I recommend using Gatsby when you need your site to be SEO friendly and performant. Gatsby's rich plugin ecosystem makes building fast sites easy. If the content on your site is static and can be updated at build-time, then Gatsby is a great choice.

If your app is more dynamic and requires dynamic data on each page request, then you may want to look at Next.js, which offers out of the box server-side rendering.

Next.js

Next.js is a framework that lets you choose to statically generate or server-side render any web page of your site. With server-side rendering, your JavaScript code is hydrated on the fly, instead of at build time. This is great for dynamic pages like a logged-in user's news feed.
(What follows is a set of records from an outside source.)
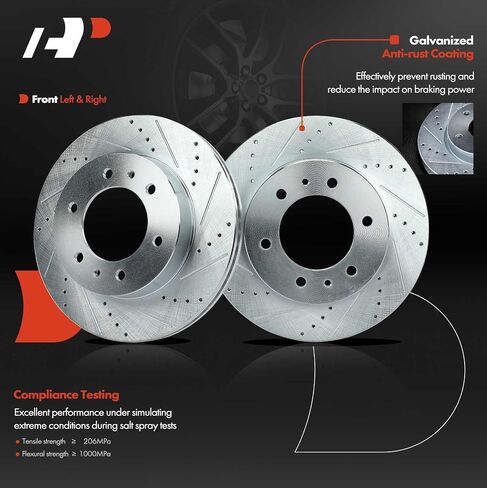 A-Premium 12.40 inch (315mm) Front Drilled and Slotted Disc Brake Rotors + Ceramic Pads Kit Compatible with Select Hummer Models - H3 2006-2010, H3T 2009-2010, 6-PC Set in Saudi Arabia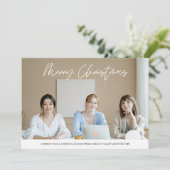 Merry Christmas Business Team Photo  Feestdagenkaart (Staand voorkant)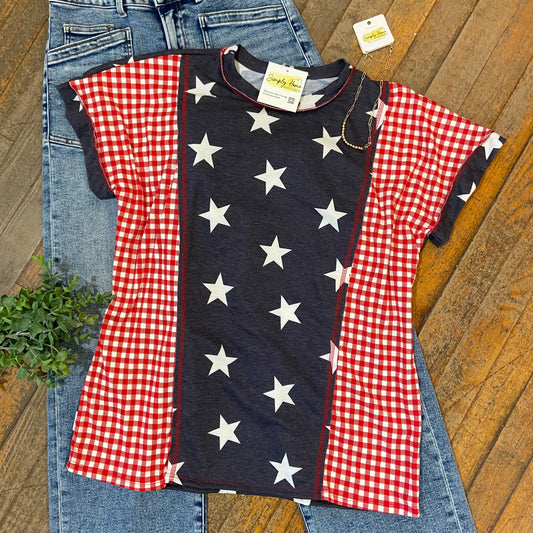 Red, White and Blue Gingham Shirt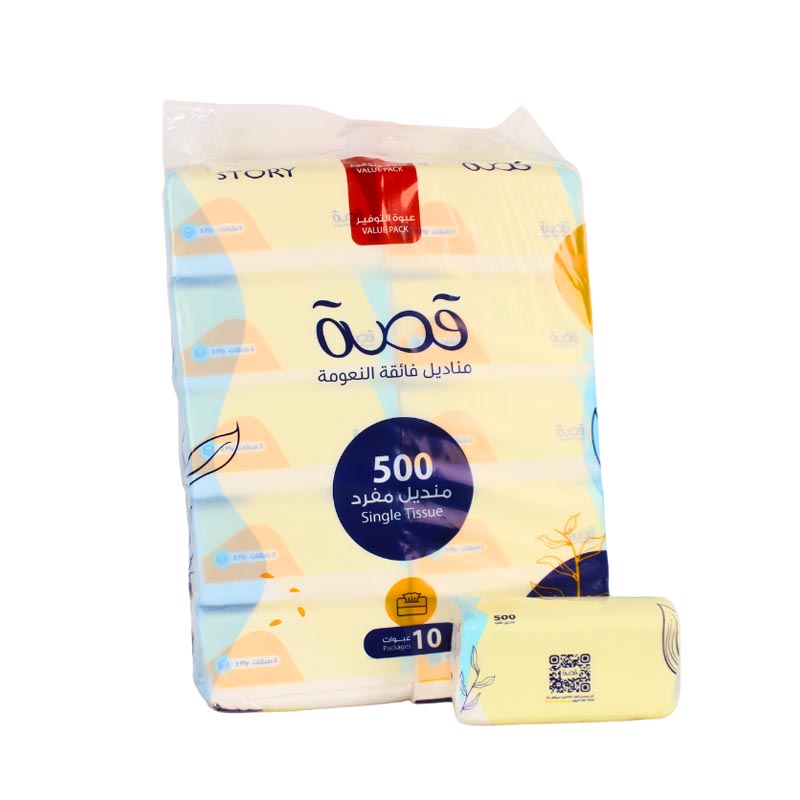 قصة 500 منديل مفرد ناعم ثلاث طبقات × 10 عبوات ( ربطة ) مناديل فائقة النعومة صنع باستخدام اجود الالياف الطبيعية لضمان الجودة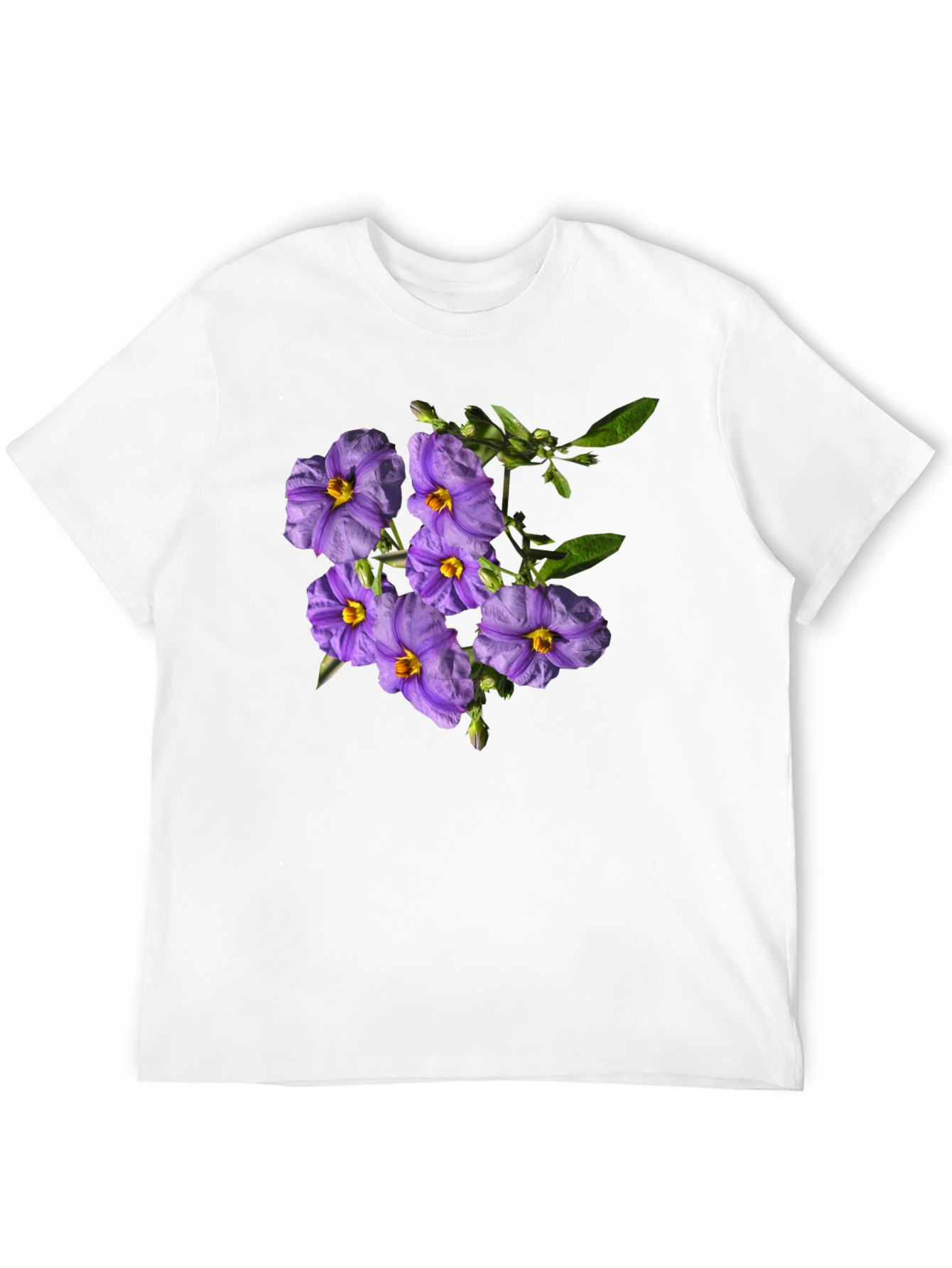 Black Floral Print Tee - Purple Flower Design view 12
In these situations, your app would need to fetch data unique to that user to serve personalized content on-demand.

For content that doesn't change often, like your marketing pages, documentation, etc, Next gives you the option to statically generate pages. There are performance benefits to statically generate pages compared to server-side rendering pages so having this option is quite nice.

With Next, you are getting the best of both worlds with statically generated pages as well as server-side rendered pages, making Next a great option for web apps.

Other options

If you need to customize the low-level configuration of your app, you may want to create your own toolchain using a tool like Webpack. I probably wouldn't recommend going this route if you're a smaller team and need to focus on building and shipping your product. Going this route will require you to spend more time figuring out your own solutions for static generation, server-side rendering, and turn-key configuration the frameworks provide you.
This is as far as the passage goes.